MySQL 5.6 includes an optimization called MRR which would also speed up full row retrieval, but that is out of scope of this answer.
For IPv4, you can use:
SET #length = 4;
SELECT INET_NTOA(ipaddr), INET_NTOA(searchaddr), INET_NTOA(mask)
FROM (
SELECT
(1 << (#length * 8)) - 1 & ~((1 << (#length * 8 - cidr)) - 1) AS mask,
CAST(CONV(SUBSTR(HEX(ipaddr), 1, #length * 2), 16, 10) AS DECIMAL(20)) AS ipaddr,
CAST(CONV(SUBSTR(HEX(#myaddr), 1, #length * 2), 16, 10) AS DECIMAL(20)) AS searchaddr
FROM ip
) ipo
WHERE ipaddr & mask = searchaddr & mask
IPv4 addresses, network addresses and netmasks are all UINT32 numbers and are presented in human-readable form as "dotted-quads". The routing table code in the kernel performs a very fast bit-wise AND comparison when checking if an address is in a given network space (network/netmask). The trick here is to store the dotted-quad IP addresses, network addresses and netmasks in your tables as UINT32, and then perform the same 32-bit bit-wise AND for your matching. eg
SET #test_addr = inet_aton('1.2.3.4');
SET #network_one = inet_aton('1.2.3.0');
SET #network_two = inet_aton('4.5.6.0');
SET #network_netmask = inet_aton('255.255.255.0');
SELECT (#test_addr & #network_netmask) = #network_one AS IS_MATCHED;
+------------+
| IS_MATCHED |
+------------+
| 1 |
+------------+
SELECT (#test_addr & #network_netmask) = #network_two AS IS_NOT_MATCHED;
+----------------+
| IS_NOT_MATCHED |
+----------------+
| 0 |
+----------------+
Generating IP Address Ranges as Integers
If your database doesn't support fancy bitwise operations, you can use a simplified integer based approach.

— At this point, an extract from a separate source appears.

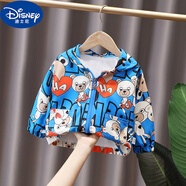 迪士尼（Disney）品牌童裝童裝男童春裝洋氣連帽外套寶寶春秋季可愛(ài)韓版上衣嬰兒小 藍色 120 cm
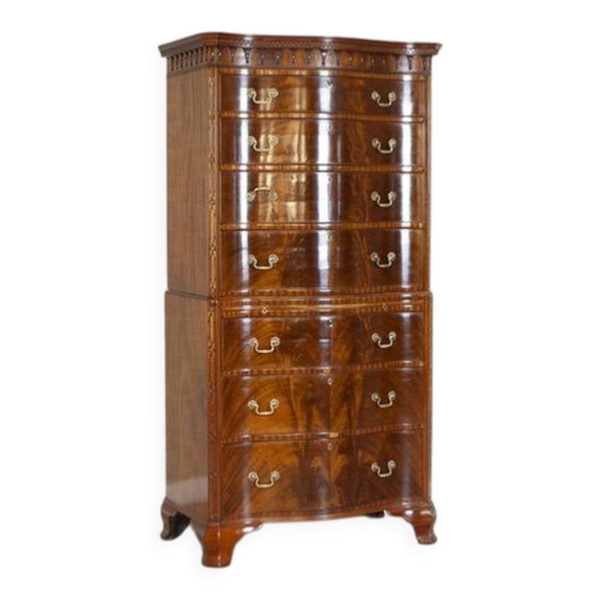 Commode antique avec vernis au tampon, années 1890.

The following example is using PostgreSQL:
select (cast(split_part(split_part('4.0.0.0/8', '/', 1), '.', 1) as bigint) * (256 * 256 * 256) +
cast(split_part(split_part('4.0.0.0/8', '/', 1), '.', 2) as bigint) * (256 * 256 ) +
cast(split_part(split_part('4.0.0.0/8', '/', 1), '.', 3) as bigint) * (256 ) +
cast(split_part(split_part('4.0.0.0/8', '/', 1), '.', 4) as bigint))
as network,
(cast(split_part(split_part('4.0.0.0/8', '/', 1), '.', 1) as bigint) * (256 * 256 * 256) +
cast(split_part(split_part('4.0.0.0/8', '/', 1), '.', 2) as bigint) * (256 * 256 ) +
cast(split_part(split_part('4.0.0.0/8', '/', 1), '.', 3) as bigint) * (256 ) +
cast(split_part(split_part('4.0.0.0/8', '/', 1), '.', 4) as bigint)) + cast(
pow(256, (32 - cast(split_part('4.0.0.0/8', '/', 2) as bigint)) / 8) - 1 as bigint
) as broadcast;
Hmmm. You could build a table of the cidr masks, join it, and then compare the ip anded (& in MySQL) with the mask with the ban block ipaddress. Would that do what you want?
If you don't want to build a mask table, you could compute the mask as -1 << (x-cidr) with x = 64 or 32 depending.